What we mean when we talk about inclusion

We live in the golden age of diversity and inclusion, yet so many still feel so excluded. How did we arrive in this place, and where do we go now?

These have been interesting times for the diversity debates. Last week James Damore—the former Google engineer who mapped a path to infamy via a memo to his bosses about their diversity policies, and the nature of women folks’ brains—filed a class-action suit against Google. It claimed that he and other class members were “ostracized, belittled, and punished for their heterodox political views, and for the added sin of their birth circumstances of being Caucasians and/or males.” Just a few weeks earlier, a U.S. Congressman, Steve King, had provoked a huge outcry with an inflammatory tweet in support of Hungary’s anti-refugee PM decrying the “multicultural Left” and declaring, “Diversity is not our strength.” The tweet won thousands of Twitter likes.

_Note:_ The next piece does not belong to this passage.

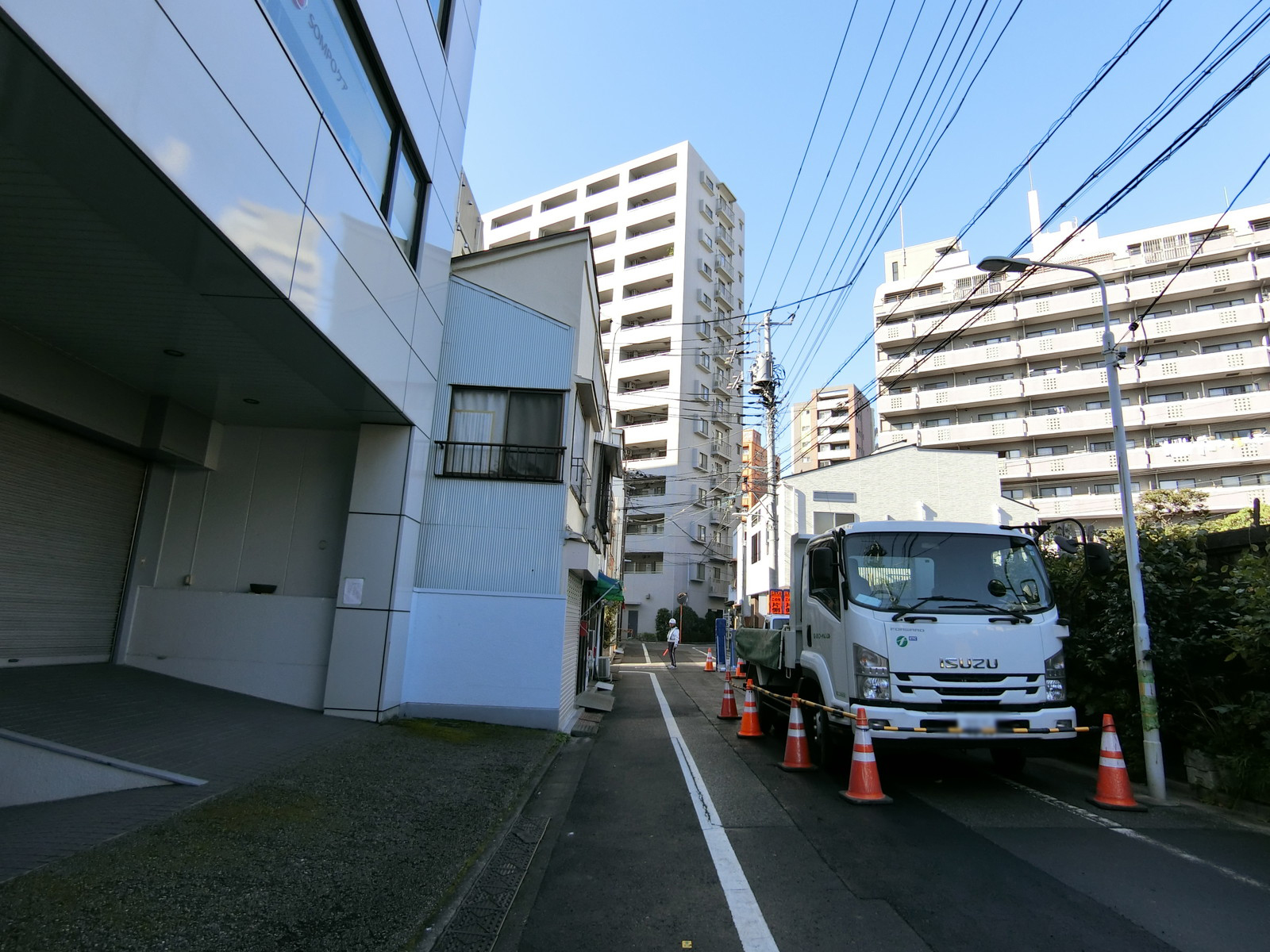 メックワンビル前面の通り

This comes on the heels of other fights that have coalesced inside and outside the courtroom. A 2014 suit alleging that Harvard University’s affirmative-action policies discriminated against a group of Asian-American students sparked an investigation into the school’s admissions practices by a diversity-skeptical U.S. Department of Justice. Meanwhile, across the pond, a well-respected historian, Mary Beard, found herself embroiled in a bun fight over inclusion, thanks to her suggestion that the Roman Empire was more racially diverse than we may realize. The comment, made in an online debate about a black character in a BBC cartoon about Ancient Rome, sparked fierce criticisms (and then much worse—see: woman and Internet) that Beard was presenting a sanitized, revisionist picture of the times to better suit modern sensitivities. A historian at Cambridge University, Beard was suddenly just another academic with a progressive, “politically correct” diversity agenda rewriting the historical record with feel-good fictions.